Toyota Production System

This is a mish-mash of analogies that came to mind as I read Toyota Production System (TPS), about how TPS is similar to Extreme Programming (XP). Kent Beck has spoken about how deeply reading TPS impacted him when he was coming up with XP, so in a way, I see XP as one of the most faithful attempts to apply the Toyota Way to code. I have read that from a TPS perspective, “lean” and its descendents often neglect the human side of Toyota process. I think XP does not.


XP: Sustainable pace. Programmers should work regular hours, and not sprint to make deadlines. This allows predictability at the project level, and prevents burnout.

TPS: Production leveling. Factories and workers should not mindlessly overproduce – they should aim to produce exactly the required amount. This is done by setting a steady pace of work that allows the worker and factory to reach the desired outcome without wasteful starts and stops. Workers should also not be overworked or overburdened (muri).


XP: User-driven development. Continuous deployment. All features should be “pulled” out of the user, and code should go from development to acceptance to production very quickly, on the order of multiple times a day.

TPS: Just-in-time production. Rather than encouraging factories to massively produce their particular part, and storing excess inventory in warehouses, the company as a whole should only work to produce the bare minimum necessary to fulfill business needs.


XP: Testing. Writing unit tests to prevent accidentally breaking functionality.

TPS: “Autonomation”, or Jidoka – automation with a human touch. Inventing and using machines that are smart enough to stop when they detect a mistake.


XP: TDD, and refactoring. Best practices that depend on discipline that improve the code. Constantly improving the code, and leaving it in a better state than before.

TPS: 5S. These are seiri (sort), seiton (straighten), seiso (scrub), seiketsu (standardize), shitsuke (sustain). Housekeeping, standardization, and reflecting on those standards leads to kaizen, or organizational improvement.


XP: Continuous integration (CI). Having a CI monitor display in a central place whether the build is working (tests are passing).

TPS: Andon/visual management. The next step to autonomation is to have the state of all the machines visible from a central place for management.


XP: Pair programming. Code is continuously reviewed by two people as they write it together. Pairs also keep each other focused, a form of peer-to-peer visual management.

TPS: Modified assembly lines/visual management. Instead of having a linear Ford-style assembly line, TPS grouped workers together and had them work more collaboratively.


XP: Full-stack. Everyone on the team is responsible for every aspect of the code. This lowers the “bus count” (or “lottery count”) of the project, which is how many people can get hit by a bus (or win the lottery) before the project would fail. You want a high number to lower the risk.

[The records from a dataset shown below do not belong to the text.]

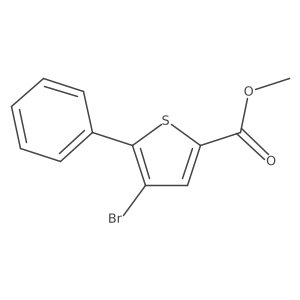 1805783-63-4 structure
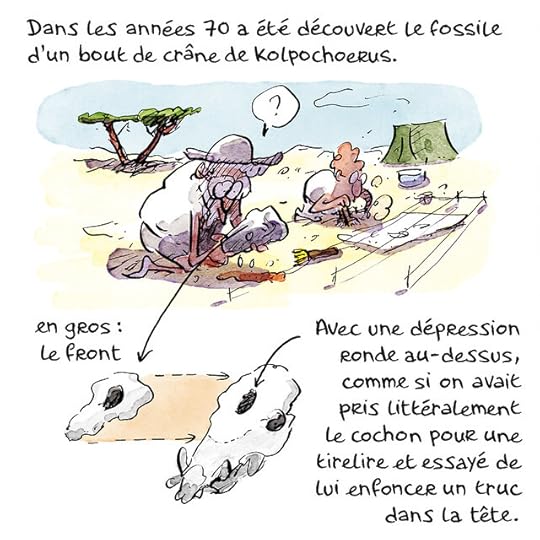 tete-sanglier00008 copie 2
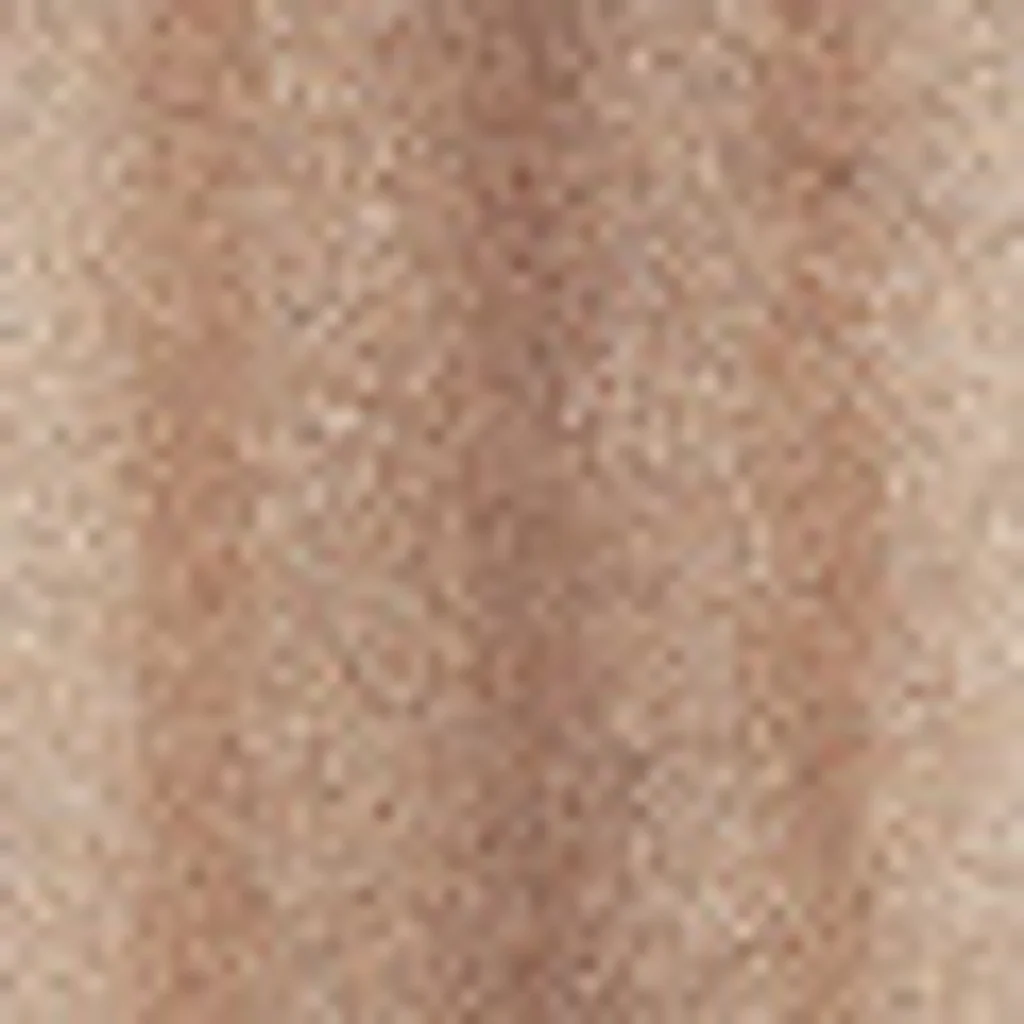 Pastel Glow Liquid Eyeshadow 222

TPS: Modified assembly lines. Toyota realized that it is more efficient for workers to perform an entire task end-to-end, rather than to perform a single repetitive motion over and over again. Even for something as simple as the receptionist folding letters and placing them into envelopes, they timed and found it faster to fold and stuff entire letters at a time, than to fold all the letters, than to stuff all the letters.


XP: Respect. This is one of the values of Extreme Programming, and perhaps one of its deepest.

TPS: Respect for people. This is one of the two pillars of “The Toyota Way”. This involves treating employees as intelligent, valuing their humanity, and not exploiting them.


One of the ideas I struggled with is that the mappings between XP and TPS seem to be many-to-many. Pair programming is both a form of visual management and a restructuring of the work environment. Sustainable pace is both production leveling and respect for people. And “poke yoke” (mistake-proofing) can apply to syntax highlighting, linters, tests, guard clauses, and ad-hoc scripts that run tests before shipping. The result is that trying too hard to apply TPS to programming in a literal sense leads to misconceptions. To make this simpler, I kept the XP side of the equation to be only one idea at a time, while allowing TPS to be multiple and duplicated.

And of course, programming is much less car manufacturing than painting :).